How to Automate Machine Learning
When we launched DataRobot six years ago, people laughed. “Automate machine learning?” they hooted. “Ha ha! It will never work!”
Experts sniffed. “You will never automate machine learning. You will get a weak model. You will get a biased model that will wreck your business.”
Six years, hundreds of customers, thousands of users, and almost a billion models later, they aren’t laughing anymore.
Today, quite a few vendors claim to offer automated machine learning. Big firms and small firms; legacy firms and startups. We’re thrilled. Imitation is the sincerest form of flattery.
However, we’ve noticed something striking about these DataRobot imitators.
They’re doing it wrong.
There is a right way to automate machine learning. And, there are many different wrong ways. We created a guide that helps you learn about the ten critical components for successful automation.
But first, here are the most common wrong ways to automate machine learning.
Some people seem confused about what it means to automate something.

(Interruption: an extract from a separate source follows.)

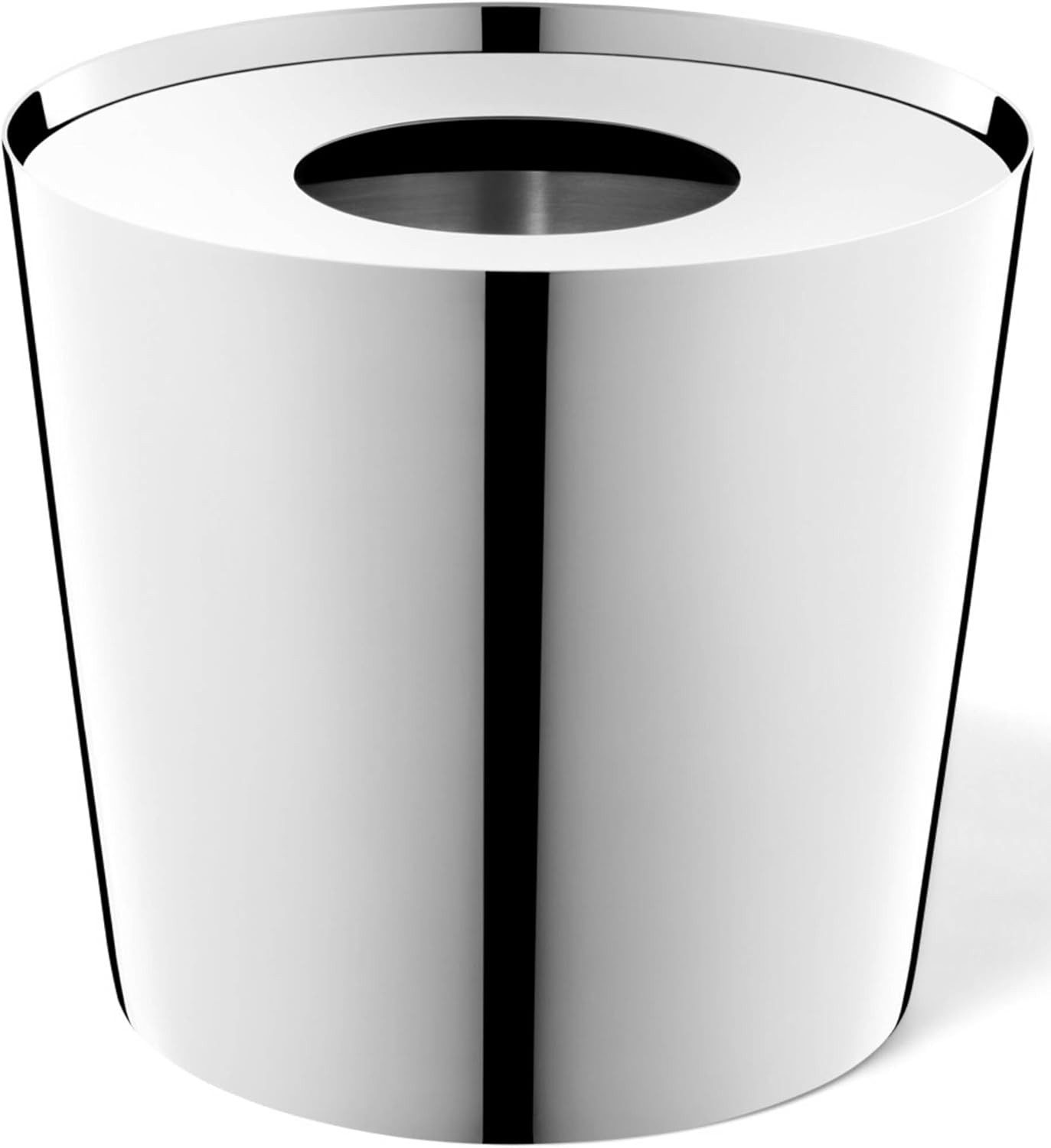 Zack Serviettenhalter ZACK 40346 "LYOS" Kosmetiktücher-Spender, Edelstahl hochglänzend, Edelstahl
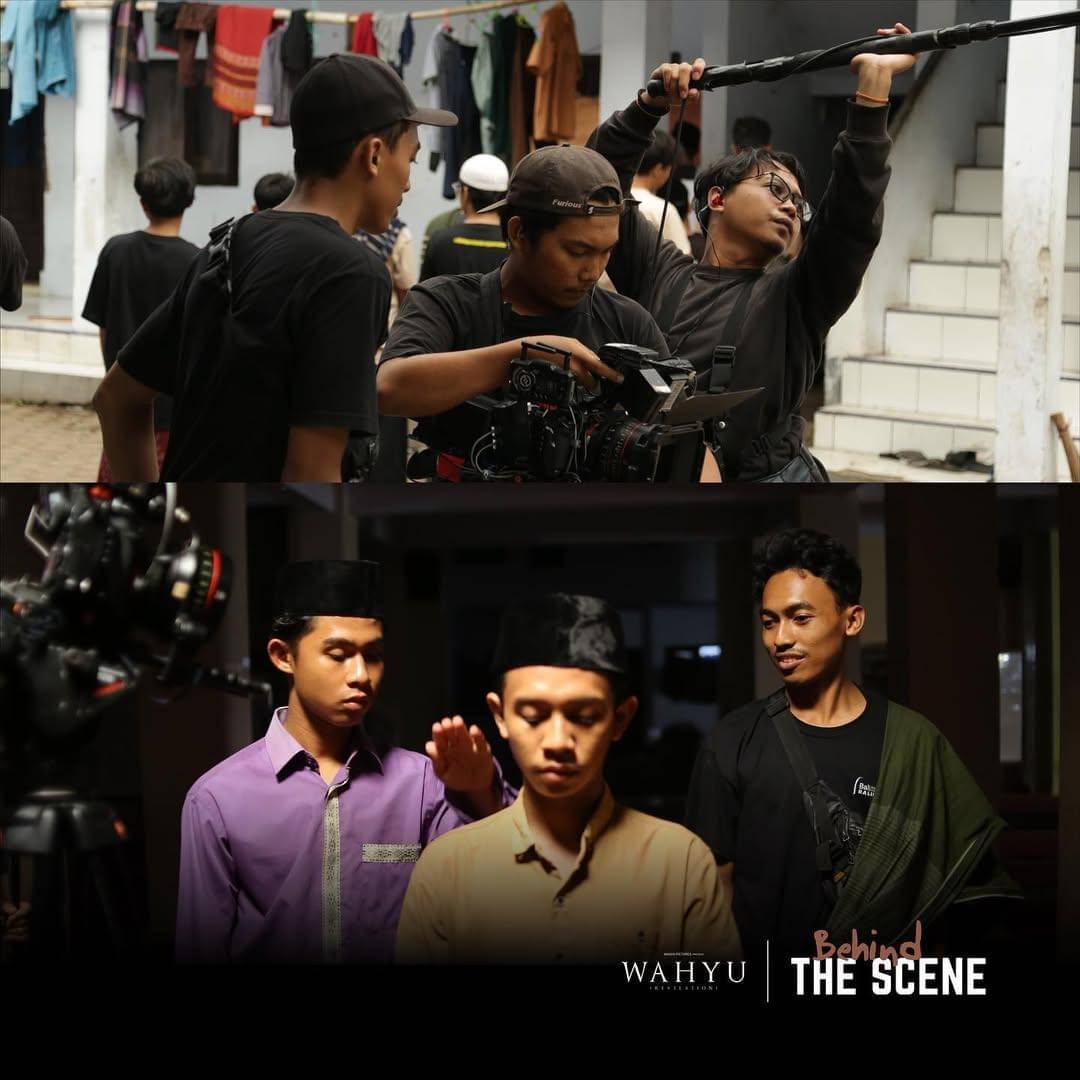 Still cut film pendek Wahyu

One vendor, for example, offers a drag-and-drop tool for analysis and calls it “automation.” Drag-and-drop UIs are nice. It’s a lot easier to drag-and-drop than it is to write good Python code. But users still have to know what to drag and where to drop it. That takes knowledge. Drag-and-drop tools won’t help you “democratize” machine learning if that’s your goal.
Another company claims that batch scoring jobs running under a scheduler “automate” machine learning. Schedulers are handy. They automate routine production jobs. That’s great. But they don’t automate the hard parts of machine learning. Someone still has to train and validate a model.
That’s the hard part.
DataRobot automates the hard things, like model training and validation.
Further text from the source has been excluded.